For the $\alpha<0$ case I want to show that $$E\frac{d^2E}{d^2t} - \left( \frac{dE}{dt} \right)^2 \geq 0\,.$$ Since $E \geq 0$ then by logarithmic convexity we would have $E=0$.

However, I'm running into some problems.
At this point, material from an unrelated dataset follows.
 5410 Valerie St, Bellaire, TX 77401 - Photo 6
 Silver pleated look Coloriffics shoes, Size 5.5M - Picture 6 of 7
I take \begin{align} \frac{d^2E}{dt^2}=\int_\Omega v_t^2 \,dx + \int_\Omega v \, v_{tt} \,dx\,. \end{align} Then, for the second term I write \begin{align} \int_\Omega v \, v_{tt} \,dx &=\int_\Omega v \, \Delta v_t \, dx\\ &= \int_\Omega v_t \, \Delta v \, dx \\ &= \int_\Omega (v_t)^2 \, dx \end{align}

where I used Green's second identity and the boundary term vanished due to the boundary condition on $v$. Explicitly:

\begin{align} \int_{\partial \Omega} v\frac{\partial v_t}{\partial \nu} - v_t \frac{\partial v}{\partial \nu} dS= \alpha \int_{\partial \Omega} -v v_t + v_t v \, dS = 0 \end{align} by the homogeneous Robin condition.

So I get $$E\frac{d^2E}{d^2t} - \left( \frac{dE}{dt} \right)^2 = \frac{1}{2}\int_\Omega v^2 dx \cdot 2 \int_\Omega v_t^2 dx - \left( \int_\Omega v v_t \, dx \right)^2 \geq 0$$ by the Cauchy-Schwarz inequality.

So I did the proof without even using the assumption $\alpha < 0$, which seems very strange. Did I make a mistake somewhere?

EDIT: Looks like my proof is actually correct. I guess the wording of the question just had me thinking there was an issue.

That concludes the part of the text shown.